----- SUPPLIED RECORDS

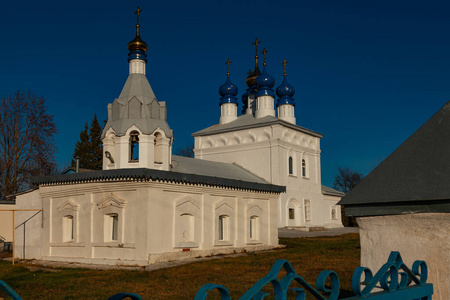 外部 正统 俄罗斯 教堂 寺庙 大教堂 建筑 欧洲 城市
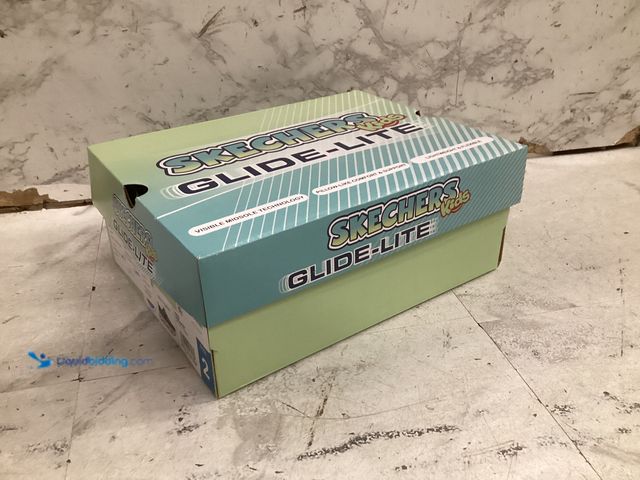 Lot 49-5573593 - Skechers Glide Lite Kids Sneakers, Size 2, (Navy) Unused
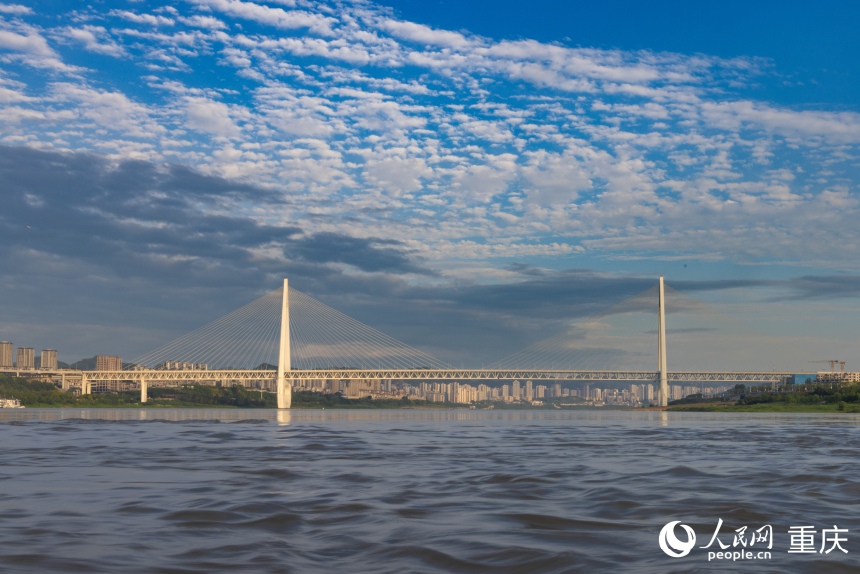 大橋與寬闊的江面相互映襯。人民網(wǎng) 曾英豪攝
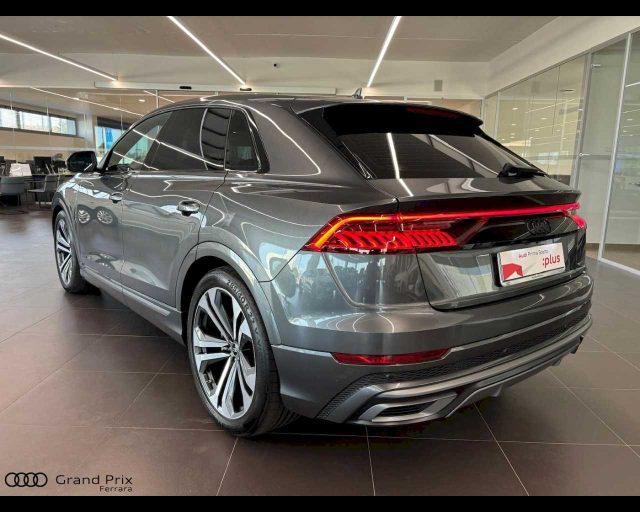 AUDI Q8 45 TDI quattro tiptronic Sport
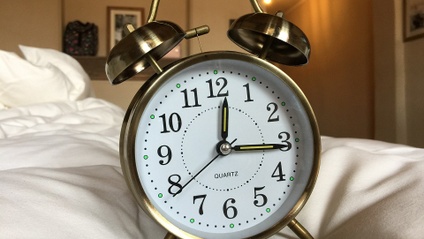 Product image for Free guide to saving time: waste less time & live better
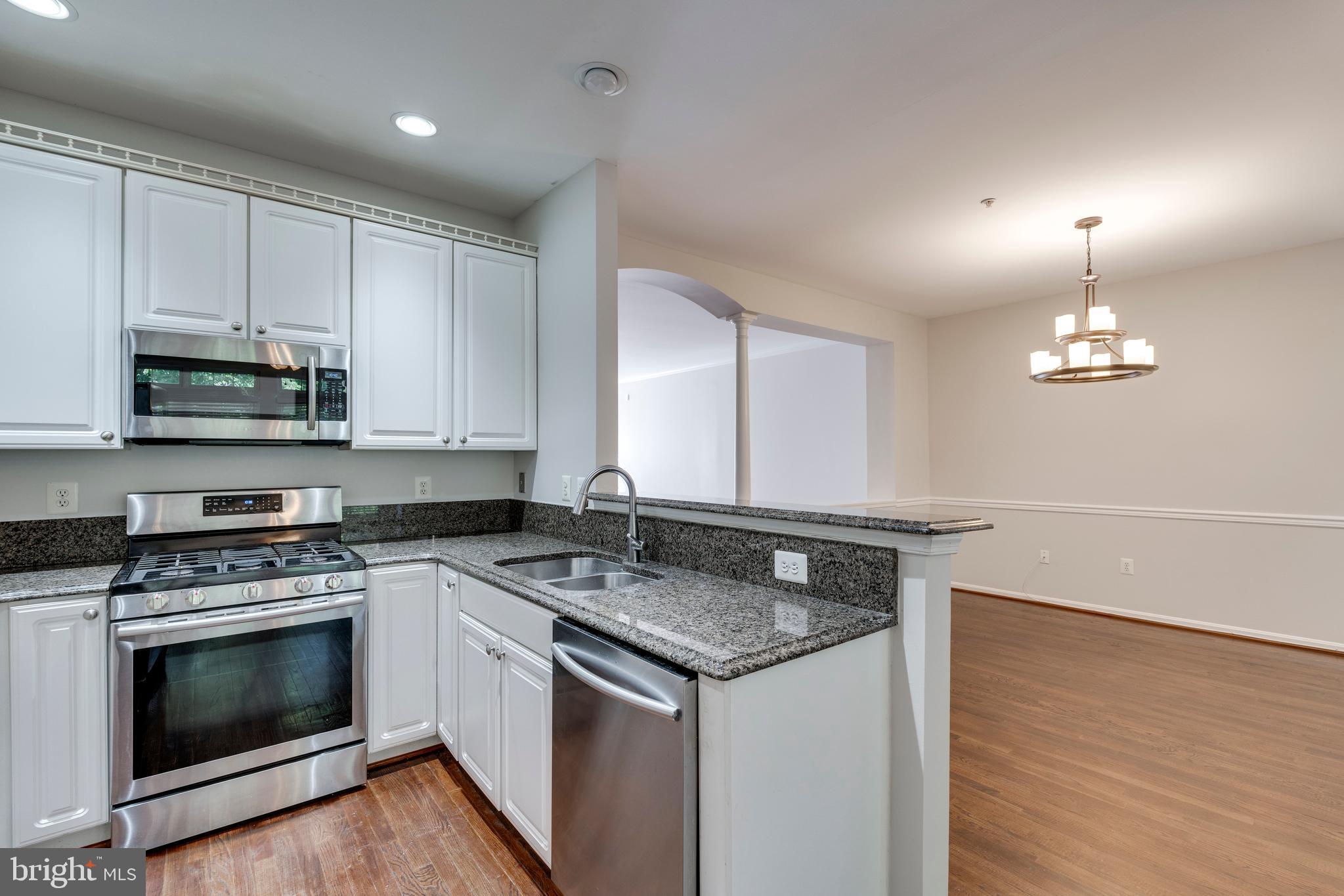 WOODMORE SOUTH - Residential Lease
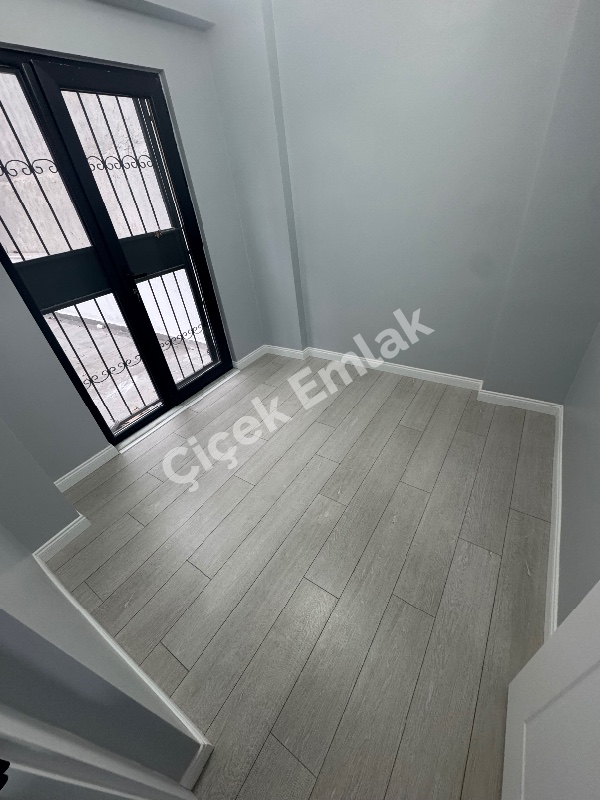 Akşemsettin Metro'ya 5 Dk 2+1 Bahçeli Sıfır Satılık Daire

----------

■ **EXERCISE DETAILS**:
With the pictures set aside, please write out all of the records above exactly.

■ **FINISHED EXERCISE**:
 外部 正统 俄罗斯 教堂 寺庙 大教堂 建筑 欧洲 城市
 Lot 49-5573593 - Skechers Glide Lite Kids Sneakers, Size 2, (Navy) Unused
 大橋與寬闊的江面相互映襯。人民網(wǎng) 曾英豪攝
 AUDI Q8 45 TDI quattro tiptronic Sport
 Product image for Free guide to saving time: waste less time & live better
 WOODMORE SOUTH - Residential Lease
 Akşemsettin Metro'ya 5 Dk 2+1 Bahçeli Sıfır Satılık Daire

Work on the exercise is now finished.